──────── Input
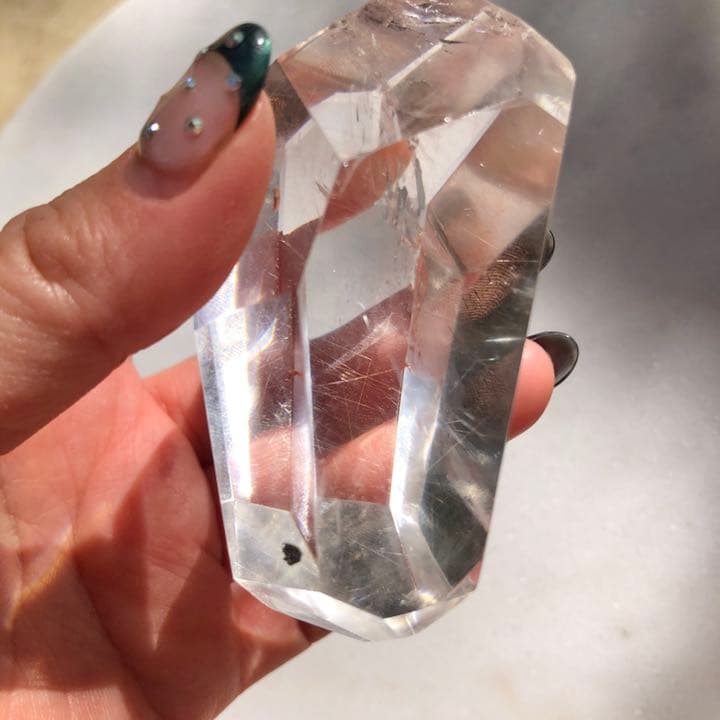 ホワイトルチル B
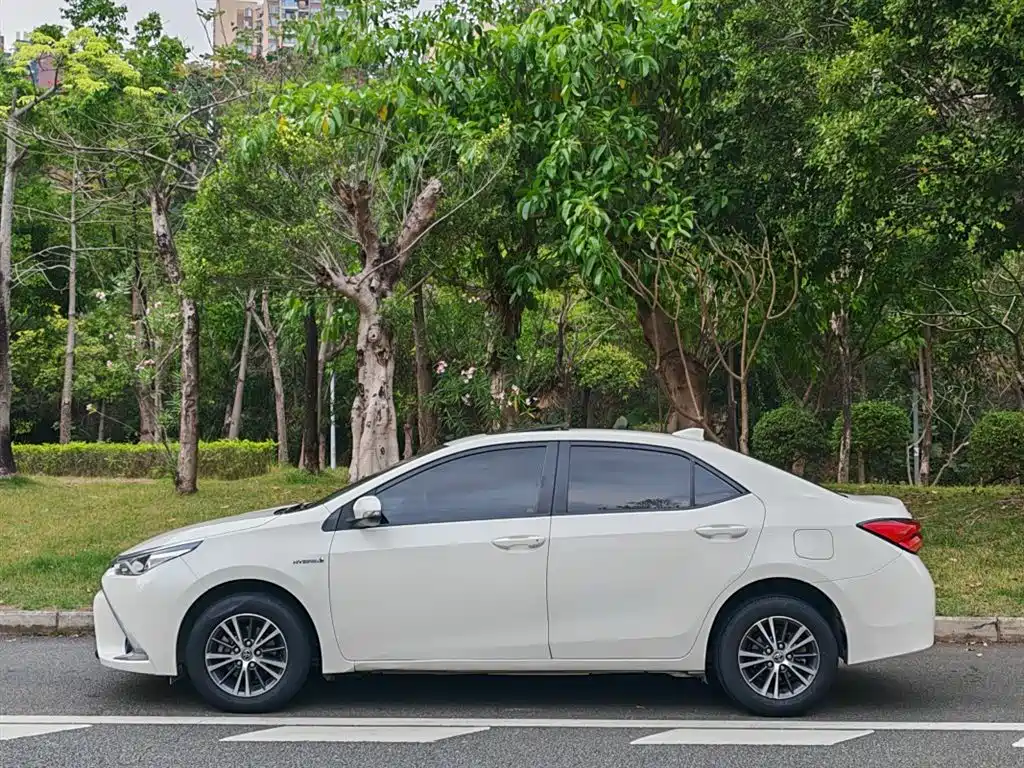 Toyota Levin 2017 Facelift Hybrid 1.8H GS E-CVT Elite Edition China V фото 3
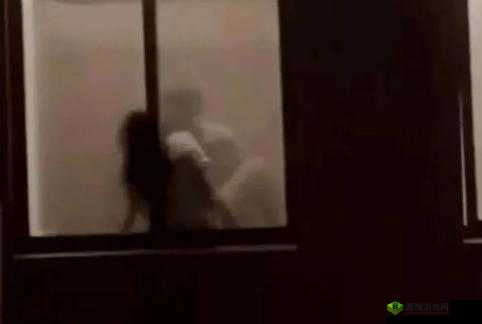 看镜子里的接合处:一个引人深思的动作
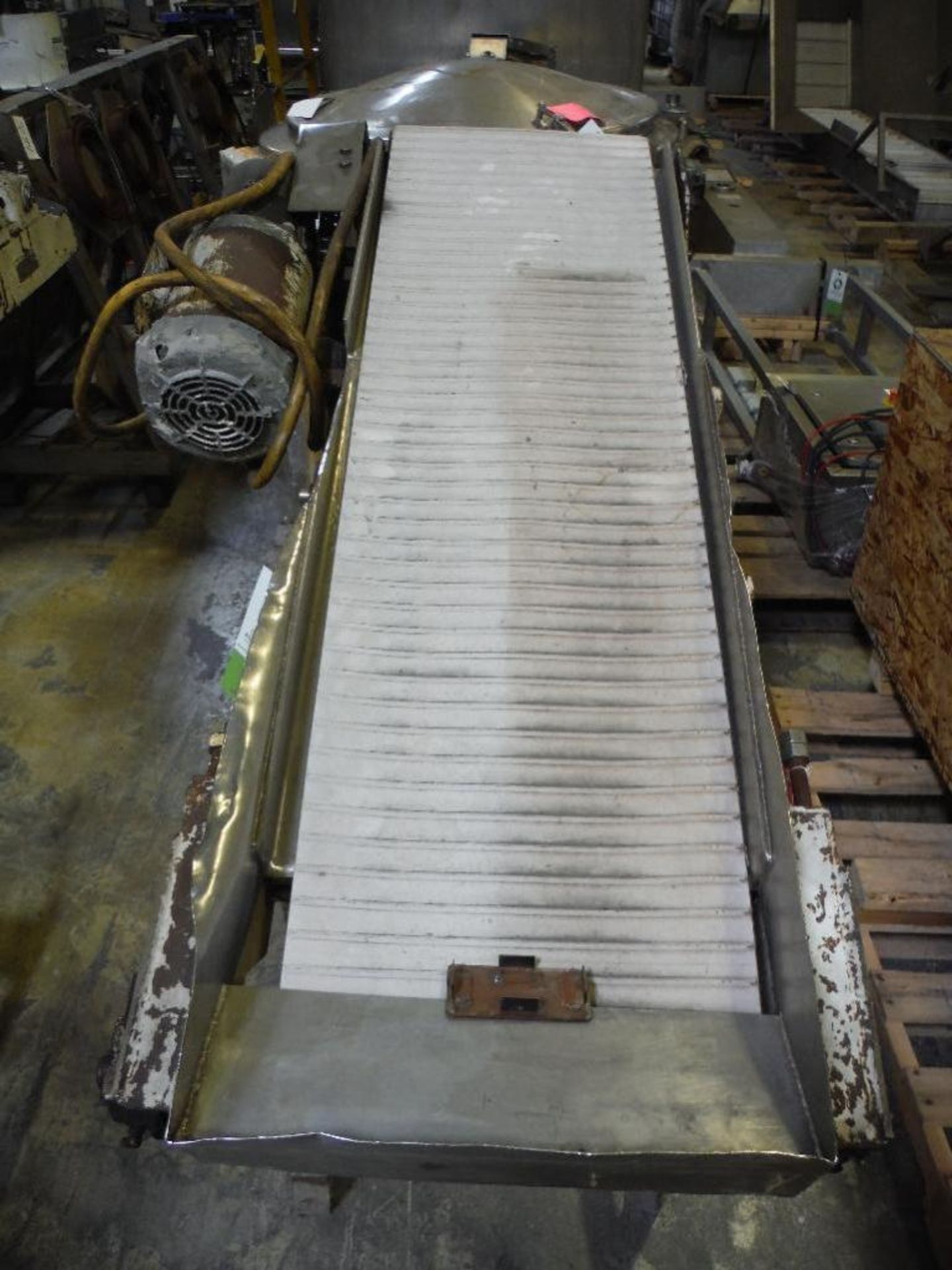Incline conveyor, 48 in. long x 14 in. wide x 34 in. infeed x 48 in. discharge, carbon steel frame, - Image 2 of 5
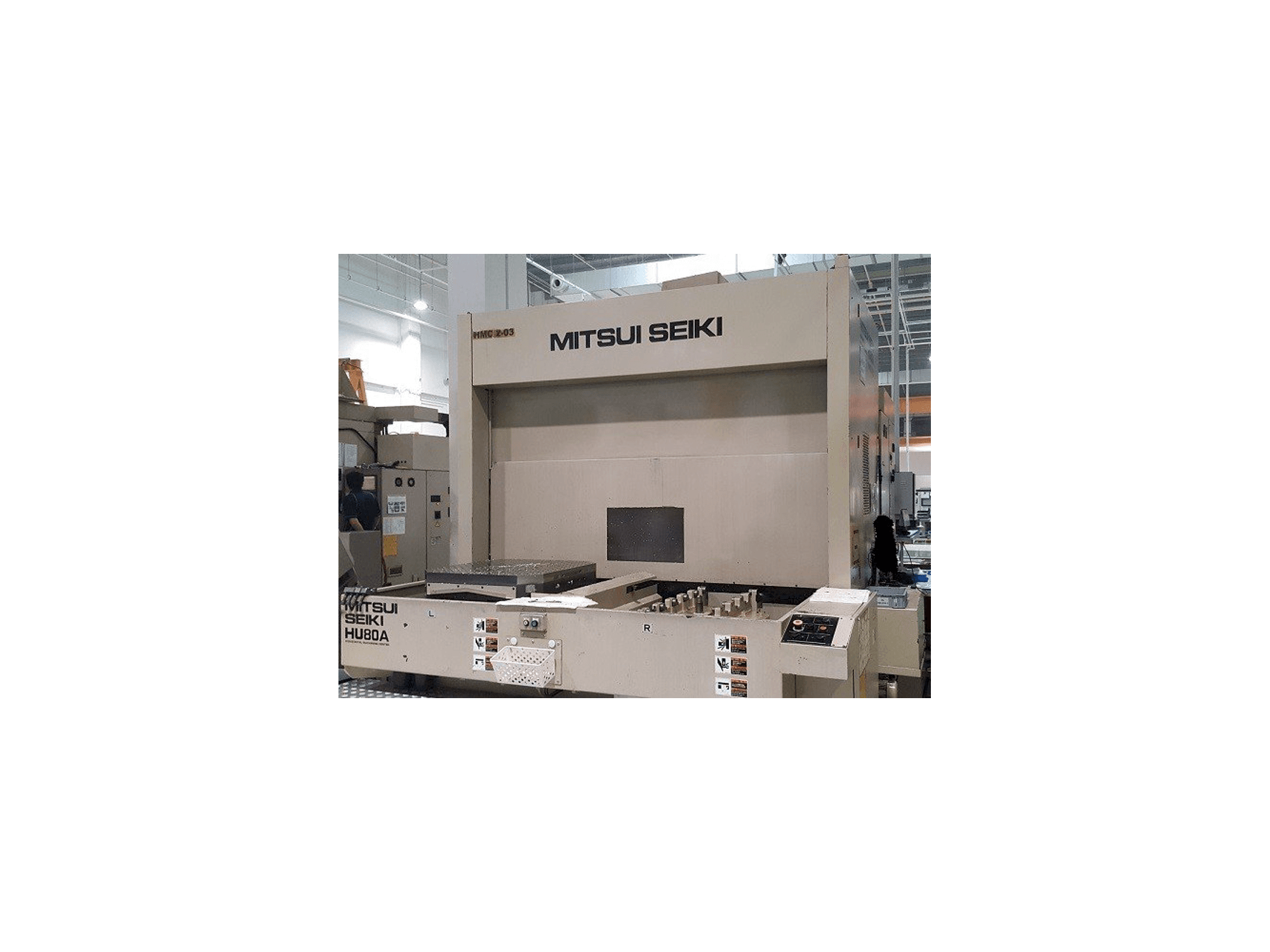 Widok z przodu maszyny Mitsui Seiki HU80A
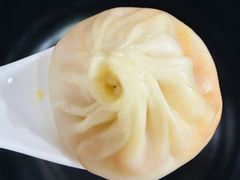 -莱莱小笼·乔艾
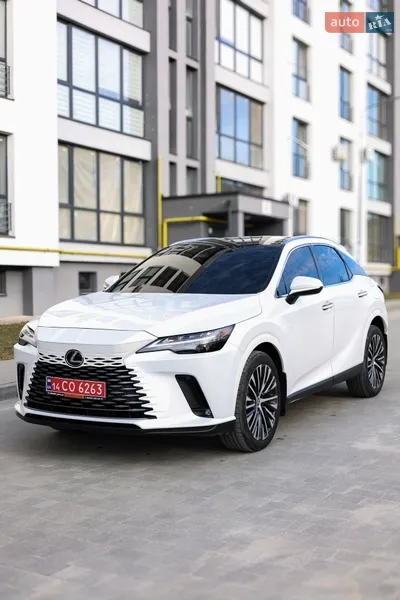 Lexus RX 2024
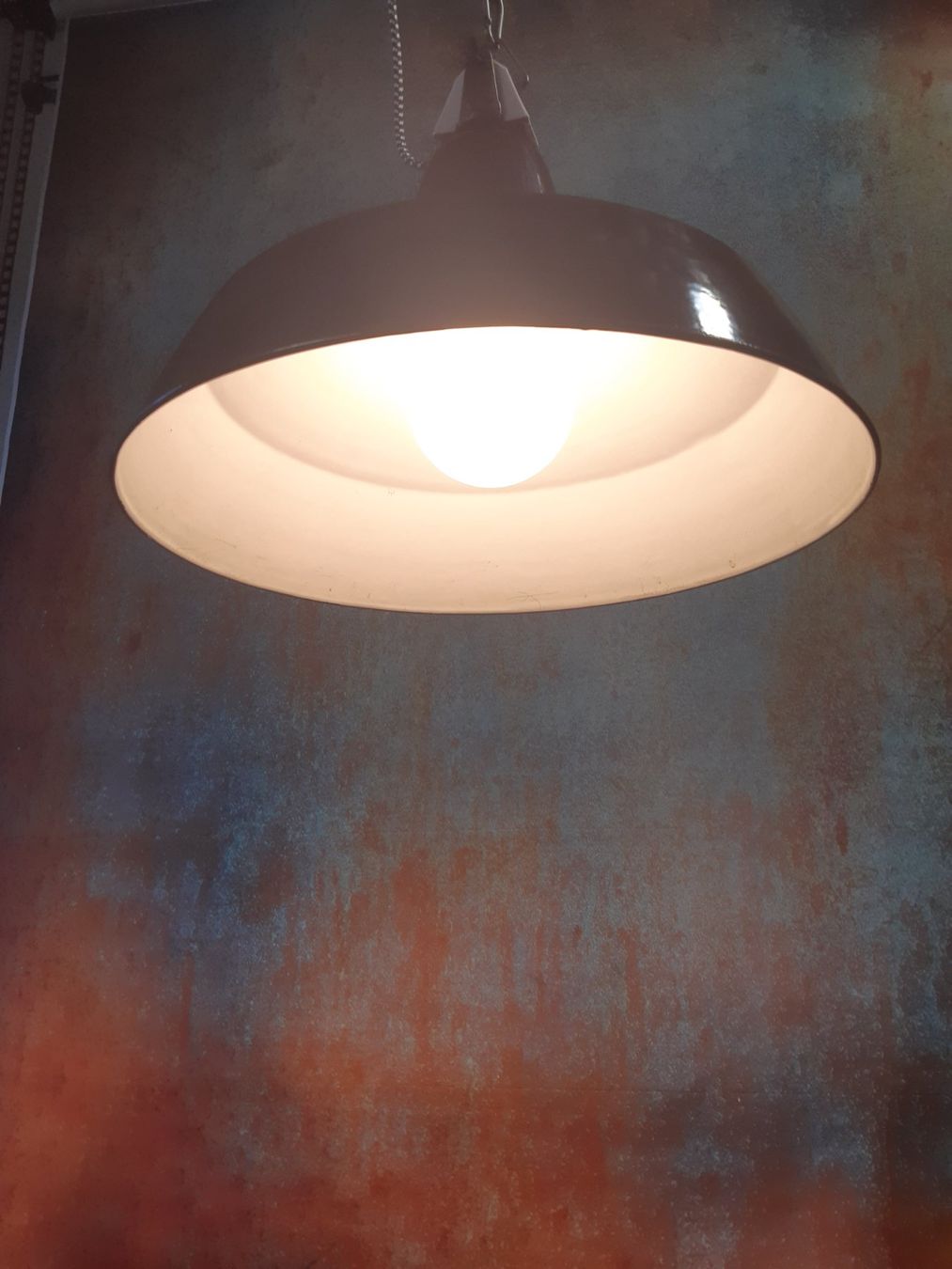 Lampade: Restaurierte alte Emaille Industrie Lampe – Usato da Winterthur venduto da lampenretter 1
────────────────
Your copy should run from the line that has "Toyota Levin 2017" through the last line above, exactly, with both ends in and pictures out.

• _Task output_
 Toyota Levin 2017 Facelift Hybrid 1.8H GS E-CVT Elite Edition China V фото 3
 看镜子里的接合处:一个引人深思的动作
Incline conveyor, 48 in. long x 14 in. wide x 34 in. infeed x 48 in. discharge, carbon steel frame, - Image 2 of 5
 Widok z przodu maszyny Mitsui Seiki HU80A
 -莱莱小笼·乔艾
 Lexus RX 2024
 Lampade: Restaurierte alte Emaille Industrie Lampe – Usato da Winterthur venduto da lampenretter 1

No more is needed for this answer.